The Chicago Transit Authority (CTA) board of directors approved a balanced $1.38 billion budget that freezes fares and preserves service levels while continuing the agency’s investment in projects and programs to improve and modernize service.
The budget reflects the ongoing positive impacts of operational efficiency reforms that have reduced unnecessary spending. It also includes 1,000 new customer-facing jobs the CTA was able to create in 2013 from efficiency measures put into place and the new collective bargaining agreement. Efficiency reforms have included modernizing supply chain operations. That has reduced excess inventory and lowered materials expenses and worker absenteeism — which declined in 2012 and 2013 — and is estimated to save the agency $10 million a year.
In 2014, the agency will continue its $4 billion capital investment plan, begun in 2011 as part of Mayor Emanuel’s Building a New Chicago program. Those plans include rehabilitating rail stations, modernizing rail and bus fleets, and bringing the agency’s massive infrastructure into a state of good repair to improve reliability and safety for customers.
The 2014 operating budget is the third consecutive CTA budget that preserves capital investment in the transit system without diverting capital funds to balance the operating budget, a past practice that stunted critical infrastructure projects. It is also balanced despite the challenges of state budget cuts and higher unfunded state mandates for health care, pension costs and providing free and discounted rides.
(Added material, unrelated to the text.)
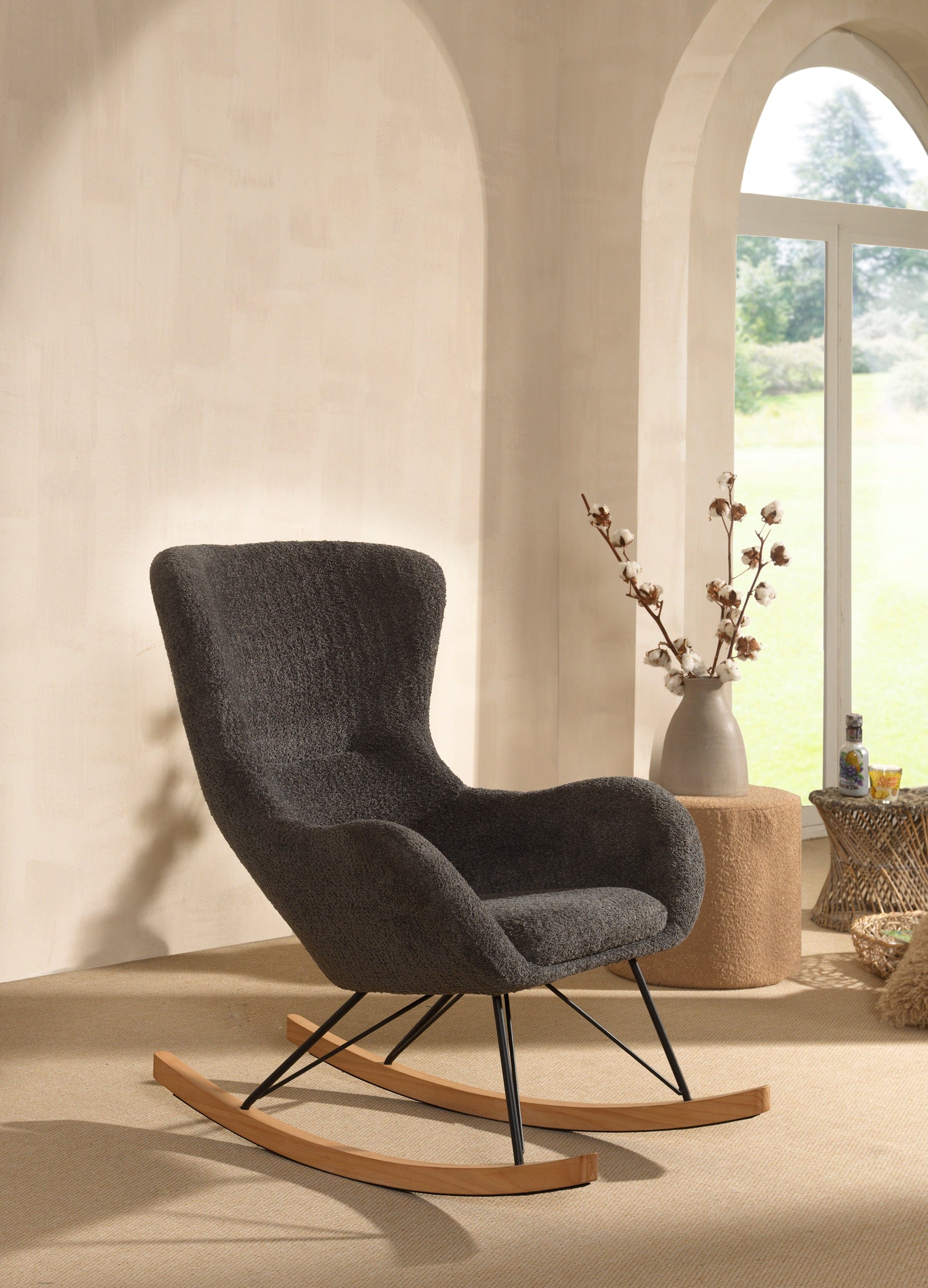 Fotoliu balansoar tapitat cu stofa boucle, Rocky Gri / Natural, l76xA96xH101 cm (1)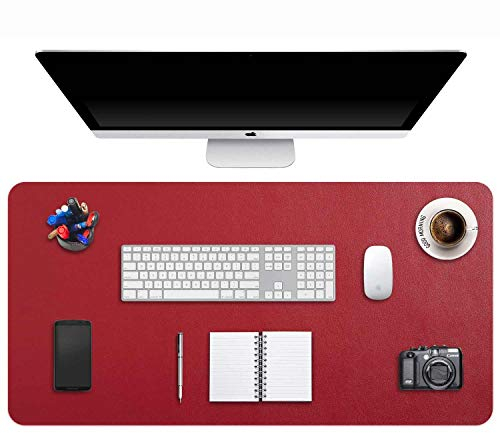DOBAOJIA Tappetino per Mouse Grande Mouse Pad Mat XXL Sottomano da Ufficio Tappetino da Tavolo Pad per Scrivania Laptop, Pelle PU Impermeabile + Scamosciata Antiscivolo 90 x 43 cm (Rosso Bordeaux)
CTA is continuing its historic level of investment in its bus and rail systems and follows the CTA’s successful delivery of a brand new Red Line South railroad on time and on budget in October 2013.
Major projects that will begin or continue in 2014 include those that benefit customers and will boost local economic development in Chicago’s neighborhoods, such as:
The new 95th Street Terminal, a $240 million project that will expand and upgrade the 95th/Dan Ryan station, connecting Far South Side communities to job centers throughout the region and serving as a transit gateway for the South Side and suburbs.
The $203 million reconstruction of the Wilson station into a modern, accessible transfer station for Red and Purple Lines.
The new CTA station at Cermak/McCormick on the Green Line.
The Ravenswood Connector project to upgrade track and related rail structure between the Chicago and Armitage stations on the elevated Brown and Purple Express lines.
The CTA in 2014 will continue with its program to overhaul or replace its bus and rail fleets to provide more reliable and comfortable service to customers while reducing operational costs to the agency. This includes adding new Nova buses to its fleet in 2014.
The CTA will also continue to take delivery of 5000 Series railcars. These are the CTA’s first new railcars in 20 years. The 5000 Series have been added to the Pink and Green Lines and are currently replacing older cars on the Red Line.
The agency anticipates receiving bids by the end of the year for the next generation of railcars, the 7000 Series, to replace the CTA’s oldest cars and reduce the average age of its fleet to approximately 10 years by 2022 from a high of more than 25 years old in 2011.